I have a single source of data items and I want to share that Flux with multiple downstream streams.

It is very similar to the example in the reference guide, but I feel that example cheats by calling .connect() manually. Specifically, I do not know how many downstream subscribers there will be, and I do not have control to call .connect() "at the end". Consumers should be able to subscribe, but not trigger the pulling of data immediately. And then somewhere in the future when the data is actually needed they will pull as necessary.

Additionally, the source is sensitive to the consumption so it cannot be re-fetched.
To add to that, it is going to be very big so buffering and replaying is not an option.

Ideally, on top of all that, the whole thing happens in one thread, so no concurrency or waiting.
(Giving a very small wait time for subscribers to join is not desirable)

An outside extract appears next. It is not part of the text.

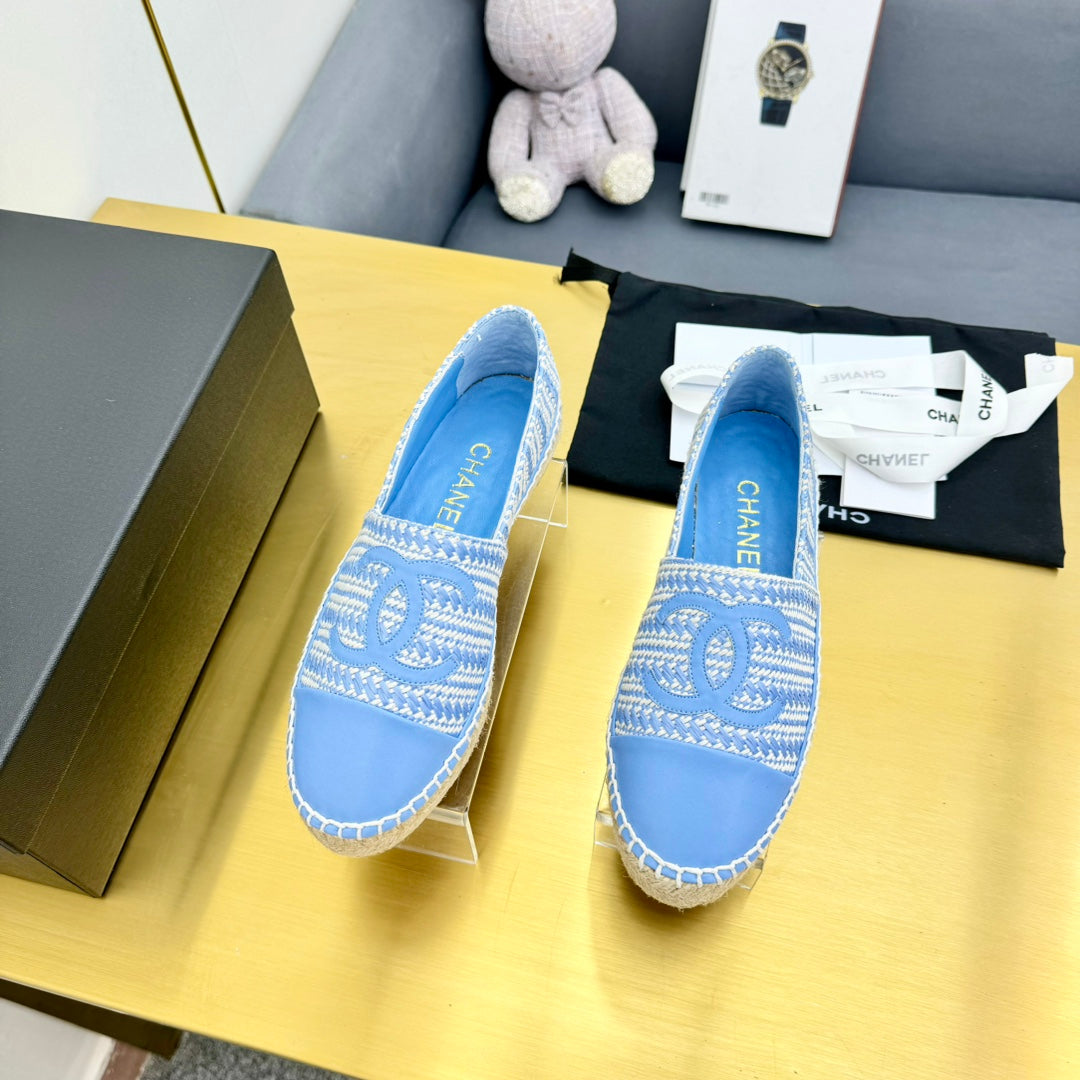 CC ESPADRILLES PLATFORM 25S IN SKY BLUE TWEED MIX CALFSKIN - 34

I was able to achieve nearly the desired effect for Monos (single end result values):

public class CoConsumptionTest {
    @Test
    public void convenientCoConsumption() {
        // List used just for the example:
        List<Tuple2<String, String>> source = Arrays.asList(
                Tuples.of("a", "1"), Tuples.of("b", "1"), Tuples.of("c", "1"),
                Tuples.of("a", "2"), Tuples.of("b", "2"), Tuples.of("c", "2"),
                Tuples.of("a", "3"), Tuples.of("b", "3"), Tuples.of("c", "3")
        );

        // Source which is sensitive to consumption
        AtomicInteger consumedCount = new AtomicInteger(0);
        Iterator<Tuple2<String, String>> statefulIterator = new Iterator<Tuple2<String, String>>() {
            private ListIterator<Tuple2<String, String>> sourceIterator = source.listIterator();

            @Override
            public boolean hasNext() {
                return sourceIterator.hasNext();
            }

            @Override
            public Tuple2<String, String> next() {
                Tuple2<String, String> e = sourceIterator.next();
                consumedCount.incrementAndGet();
                System.out.println("Audit: " + e);
                return e;
            }
        };

        // Logic in the service:
        Flux<Tuple2<String, String>> f = Flux.fromIterable(() -> statefulIterator);
        ConnectableFlux<Tuple2<String, String>> co = f.publish();

        Function<Predicate<Tuple2<String, String>>, Mono<Tuple2<String, String>>> findOne = (highlySelectivePredicate) ->
                co.filter(highlySelectivePredicate)
                        .next() //gives us a Mono
                        .toProcessor() //makes it eagerly subscribe and demand from the upstream, so it wont miss emissions
                        .doOnSubscribe(s -> co.connect()); //when an actual user consumer subscribes

        // Subscribing (outside the service)
        assumeThat(consumedCount).hasValue(0);
        Mono<Tuple2<String, String>> a2 = findOne.apply(select("a", "2"));
        Mono<Tuple2<String, String>> b1 = findOne.apply(select("b", "1"));
        Mono<Tuple2<String, String>> c1 = findOne.apply(select("c", "1"));
        assertThat(consumedCount).hasValue(0);

        // Data is needed
        SoftAssertions softly = new SoftAssertions();

        assertThat(a2.block()).isEqualTo(Tuples.of("a", "2"));
        softly.assertThat(consumedCount).hasValue(4);

        assertThat(b1.block()).isEqualTo(Tuples.of("b", "1"));
        softly.assertThat(consumedCount).hasValue(4);

        assertThat(c1.block()).isEqualTo(Tuples.of("c", "1"));
        softly.assertThat(consumedCount).hasValue(4);

        softly.assertAll();
    }

    private static Predicate<Tuple2<String, String>> select(String t1, String t2) {
        return e -> e.getT1().equals(t1) && e.getT2().equals(t2);
    }
}

Question: I want to know how to achieve this for Flux results, i.e. for multiple values after the filtering is applied, not just the first/next. (Still demanding only as much as necessary)
(Tried naively replacing .toProcessor() with .publish().autoConnect(0) but did not succeed)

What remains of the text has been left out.